S$^2$-MAD: Breaking the Token Barrier to Enhance Multi-Agent Debate Efficiency
Yuting Zeng, Weizhe Huang, Lei Jiang, Tongxuan Liu, Xitai Jin, Chen Tianying Tiana, Jing Li, Xiaohua Xu
TL;DR
This work tackles the token-cost inefficiency of Multi-agent Debate (MAD) in large language models by introducing Selective Sparse MAD (S^2-MAD) with a Decision-Making Mechanism. The mechanism combines similarity calculation, redundancy filtering, and conditional participation to prune redundant information and enable selective engagement among agents, substantially reducing token exchanges. Empirical results across five reasoning benchmarks and multiple models show token-cost reductions up to 94.5% with less than 2% accuracy loss, confirming that efficiency gains can be achieved without sacrificing performance.
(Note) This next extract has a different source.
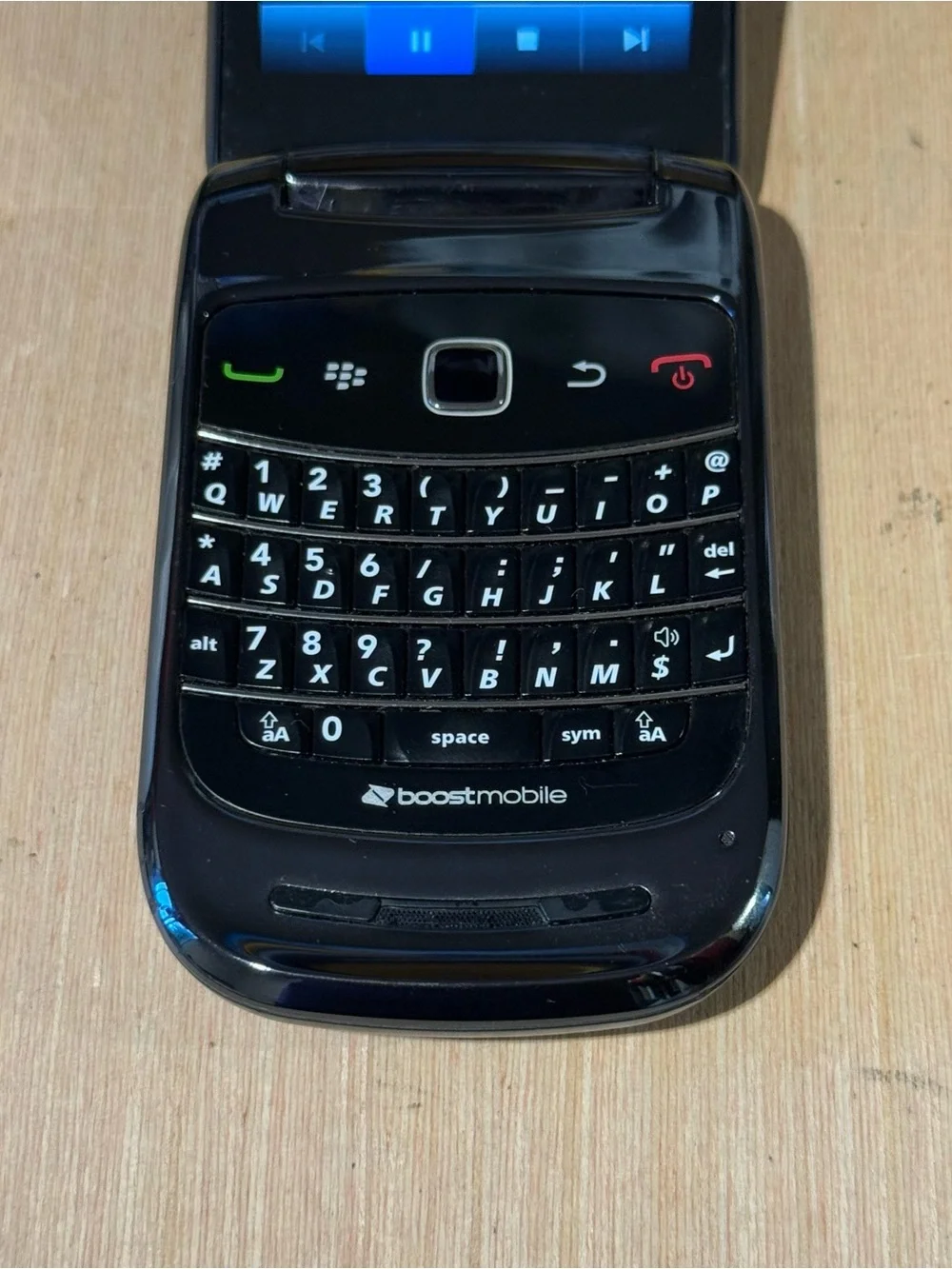 BlackBerry Style 9670 Flip Phone Sprint Smartphone Tested Good w/Charg-230-Songs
Theoretical analysis and ablation studies illuminate how grouping, similarity thresholds, and early stopping contribute to efficiency, suggesting promising directions for robust, scalable multi-agent reasoning.
Abstract
Large language models (LLMs) have demonstrated remarkable capabilities across various natural language processing (NLP) scenarios, but they still face challenges when handling complex arithmetic and logical reasoning tasks. While Chain-Of-Thought (CoT) reasoning, self-consistency (SC) and self-correction strategies have attempted to guide models in sequential, multi-step reasoning, Multi-agent Debate (MAD) has emerged as a viable approach for enhancing the reasoning capabilities of LLMs. By increasing both the number of agents and the frequency of debates, the performance of LLMs improves significantly. However, this strategy results in a significant increase in token costs, presenting a barrier to scalability. To address this challenge, we introduce a novel sparsification strategy designed to reduce token costs within MAD. This approach minimizes ineffective exchanges of information and unproductive discussions among agents, thereby enhancing the overall efficiency of the debate process. We conduct comparative experiments on multiple datasets across various models, demonstrating that our approach significantly reduces the token costs in MAD to a considerable extent. Specifically, compared to MAD, our approach achieves an impressive reduction of up to 94.5\% in token costs while maintaining performance degradation below 2.0\%.